Pakan is a small town in Pakan District, Sarikei Division, Sarawak, Malaysia. The district population estimates (as of the 2017 census) was 17,600.

Most of its inhabitants are ethnic Iban people (95%+) and a few minority Chinese usually concentrated in its town area. A small minority of Malay work in a government sector, such as teachers, nurses, district officers, and police.

==Etymology==
The name Pakan was derived from a local fruit resembling durian, named Buah Pakan. It has yellowish skin and flesh. The fruit has since become the symbol of the town with its replica built at the junction of Entabai road.

==History==
In 1911, a man from Guangdong named Wen Ru Zhu (翁如珠) was the first Chinese to arrive in Sarikei. Four years later in 1915, he together with one of his family member, brought some daily necessities, climbed through the mountains and arrive in Pakan to trade with the Iban people living there for agricultural products.

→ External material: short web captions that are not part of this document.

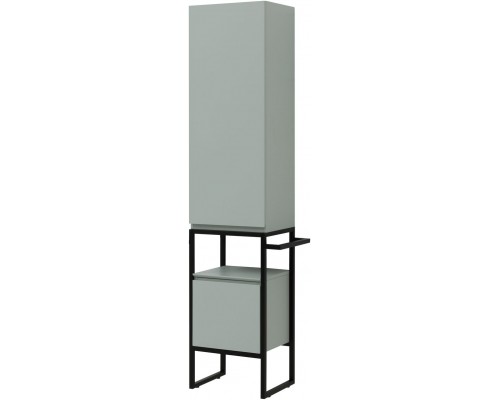 Allen Brau Priority Шкаф-пенал 40x31,5x180h см, цвет: папирус матовый 1.31006.PWM Allen Brau Priority Шкаф-пенал 40x31,5x180h см, цвет: папирус матовый 1.31006.PWM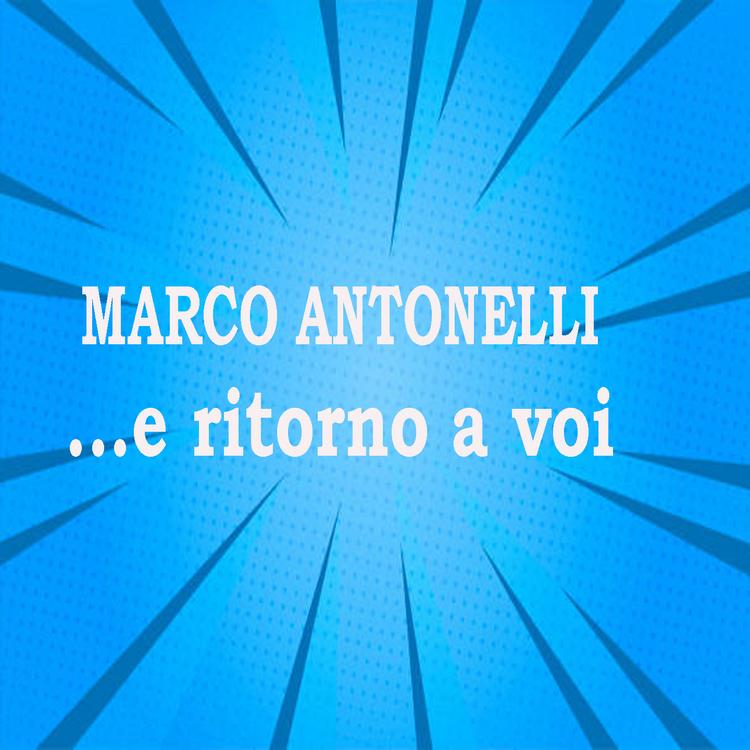 Marco Antonelli's avatar image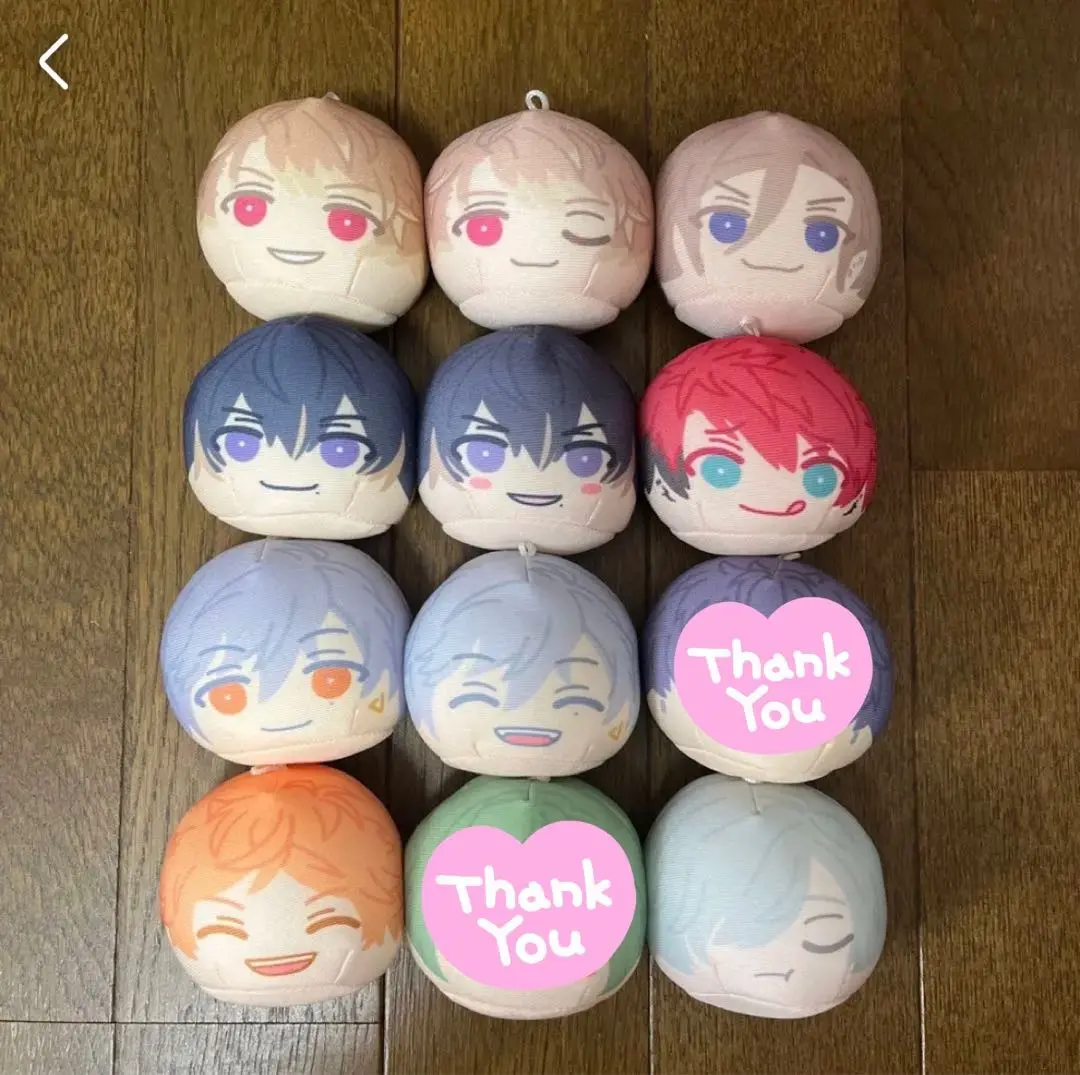新品★A3！【摂津万里】ビッグおまんじゅうクッション A3!』もちもちフワフワな“めっちゃビッグおまんじゅうクッション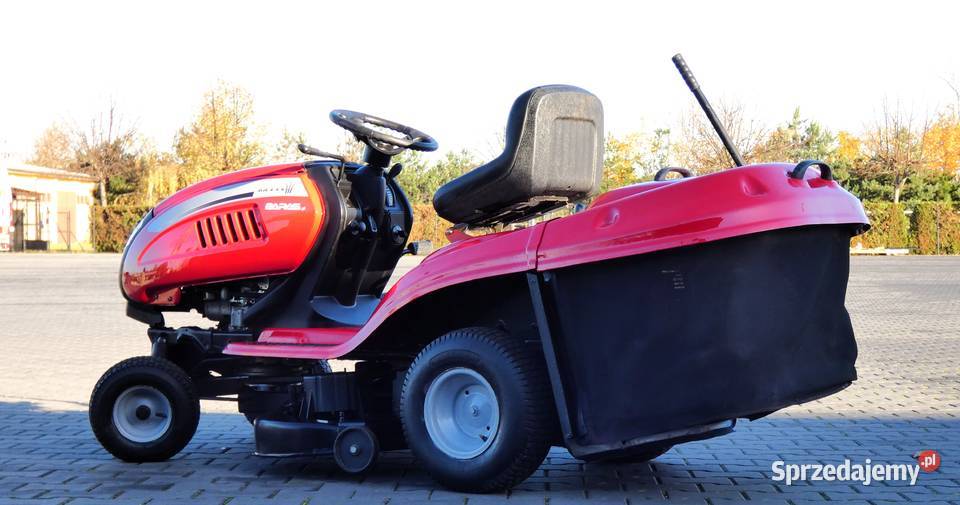 Traktorek kosiarka MTD JE 135 H BriggsStratton Traktorki łódzkie Świnice Warckie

Apart from Iban longhouses and rubber plantations, there were no Chinese houses there. The Iban people welcomed the arrival of Wen as he brought the much needed daily necessities to them. The journey to and from Pakan took about ten days. Wen would build a small hut in Pakan to stay there for some days before going back to Sarikei. Later, he married an Iban woman in Pakan and started a family. Later, more Chinese came here to build shophouses and to trade with Iban people.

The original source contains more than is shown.